Output, please, exactly those lines of the listing that come before the line with "June 22, 2012, Tokyo, Japan", along with that line itself.

(EXTRACTED MATERIAL begins)

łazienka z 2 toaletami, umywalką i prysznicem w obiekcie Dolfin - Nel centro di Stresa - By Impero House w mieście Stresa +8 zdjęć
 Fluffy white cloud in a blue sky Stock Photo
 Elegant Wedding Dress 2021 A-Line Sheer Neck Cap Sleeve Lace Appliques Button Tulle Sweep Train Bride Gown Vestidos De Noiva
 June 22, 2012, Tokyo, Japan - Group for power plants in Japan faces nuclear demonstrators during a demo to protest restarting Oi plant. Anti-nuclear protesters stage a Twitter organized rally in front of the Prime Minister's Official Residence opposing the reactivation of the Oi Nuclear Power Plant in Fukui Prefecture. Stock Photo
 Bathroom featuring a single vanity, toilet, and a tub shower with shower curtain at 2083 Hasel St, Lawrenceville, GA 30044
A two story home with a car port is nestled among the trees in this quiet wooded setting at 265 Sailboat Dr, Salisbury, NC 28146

(EXTRACTED MATERIAL ends)

SOLUTION:
łazienka z 2 toaletami, umywalką i prysznicem w obiekcie Dolfin - Nel centro di Stresa - By Impero House w mieście Stresa +8 zdjęć
 Fluffy white cloud in a blue sky Stock Photo
 Elegant Wedding Dress 2021 A-Line Sheer Neck Cap Sleeve Lace Appliques Button Tulle Sweep Train Bride Gown Vestidos De Noiva
 June 22, 2012, Tokyo, Japan - Group for power plants in Japan faces nuclear demonstrators during a demo to protest restarting Oi plant. Anti-nuclear protesters stage a Twitter organized rally in front of the Prime Minister's Official Residence opposing the reactivation of the Oi Nuclear Power Plant in Fukui Prefecture. Stock Photo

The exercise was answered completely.